From my observations, many people who get upset with what others say and do online often assume that they are doing so in bad faith rather than a lack of understanding about the topic.
It may not be fair to assume that others have ill-intentions or are deliberately ignorant when they say the ‘wrong’ things.
Nobody is perfect and we all have blindspots. We all inherit some racist and sexist ideas from broader society. That’s kind of unavoidable. What really matters is not that we never say anything bad, or that we shame people for making mistakes, but that we help each other grow and learn.
As Diversity Coach, James O. Rodgers states:
The hardest thing about blind spots is that, most of the time, we don’t even know that we have them. When it comes to other people, this means that we might be making them uncomfortable without even knowing we are doing it. Nothing in our life experience has ever taught us that the way we are behaving is potentially hurtful, so we have no reason to believe that it might be.
So, instead of assuming bad intentions, attacking and turning away people away from your cause, why not take this opportunity to help them see the truth?
As Ted Speaker, Megan Phelps-Roper shared: Assuming ill motives almost instantly cuts us off from truly understanding why someone does and believes as they do. We forget they’re a human being with a lifetime of experience that shaped their mind, we get stuck on that first wave of anger, and the conversation has a very hard time ever moving beyond it. But when we assume good or neutral intent, we give our minds a much stronger framework for dialogue.
5) Complement words with action
Finally, the best way to convince others to your cause is simply to lead by example. Ultimately, change happens when people do, not when people talk.
You can raise all the awareness about social issues and engage in squabbles online, but if not accompanied by actions to further your cause in your daily life, then people would just see you a “no action talk only”.
For these reason, I’ve also decided to focus on my blog less in the past few years and spend more time on ground work.
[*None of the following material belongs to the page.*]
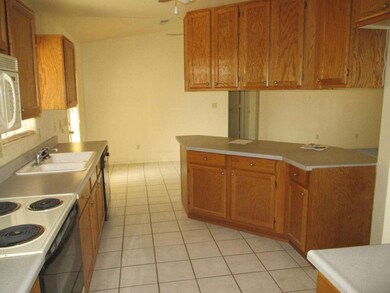19281 E Ridgecrest. marketing pictures (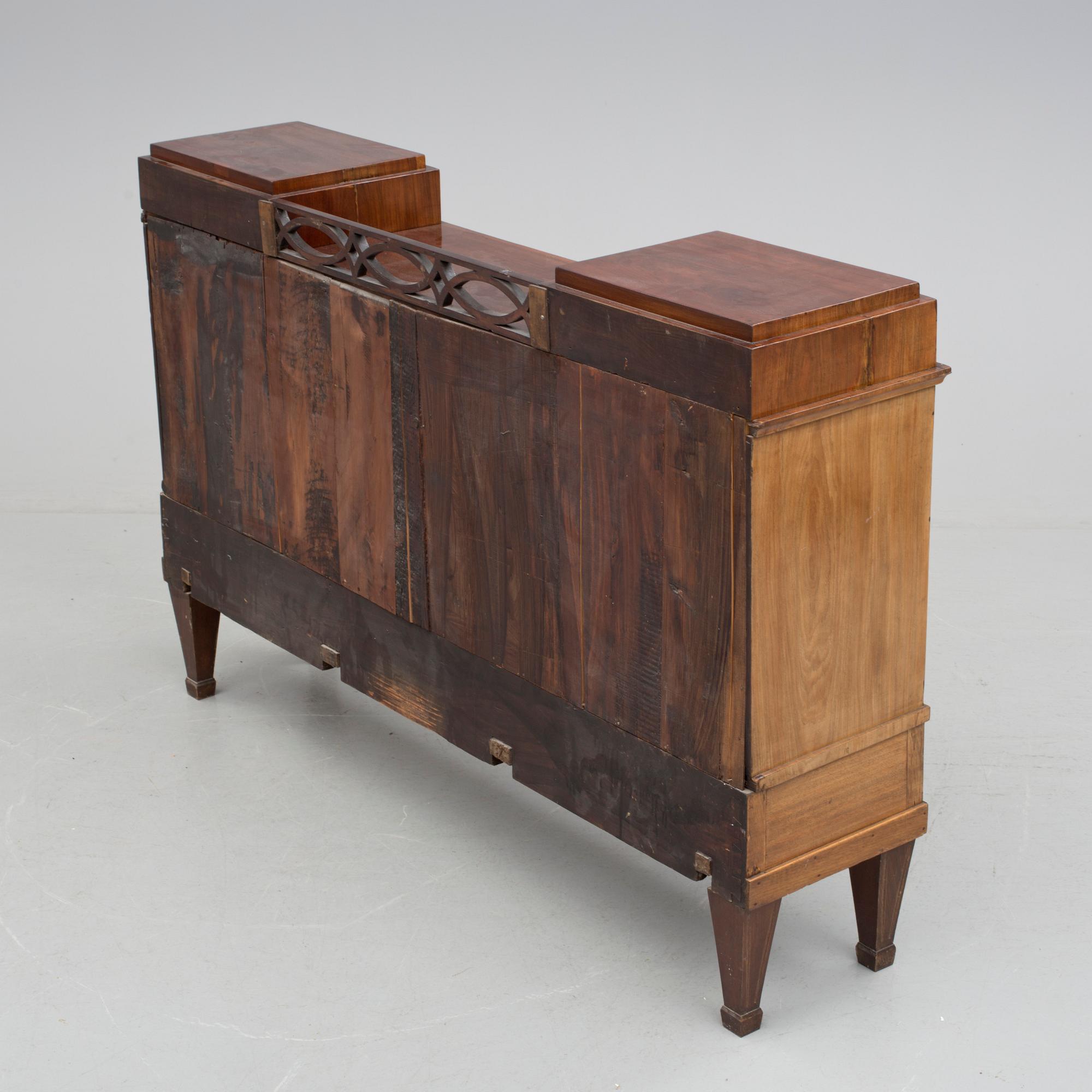 SIDEBOARD, delvis empire, 1800-talets första hälft.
In fact, doing volunteer work has benefited me as well by giving me a first hand and deeper understanding into the usual problems that Singaporeans face and how to better address them.
Ultimately, social media exists as a powerful popular platform for advocating for a cause and raising awareness for important issues. However, her potential would depend on the means we employ to educate and engage detractors.
If your goal is to feel morally superior and validate your own views, by all means, you’re free to use any approach you want.
However, if you wish to engage those who do not see your point of view, then it is critical to ensure your methods ultimately do not lead to the hardening of attitude by society at large lest these efforts becomes counter-productive.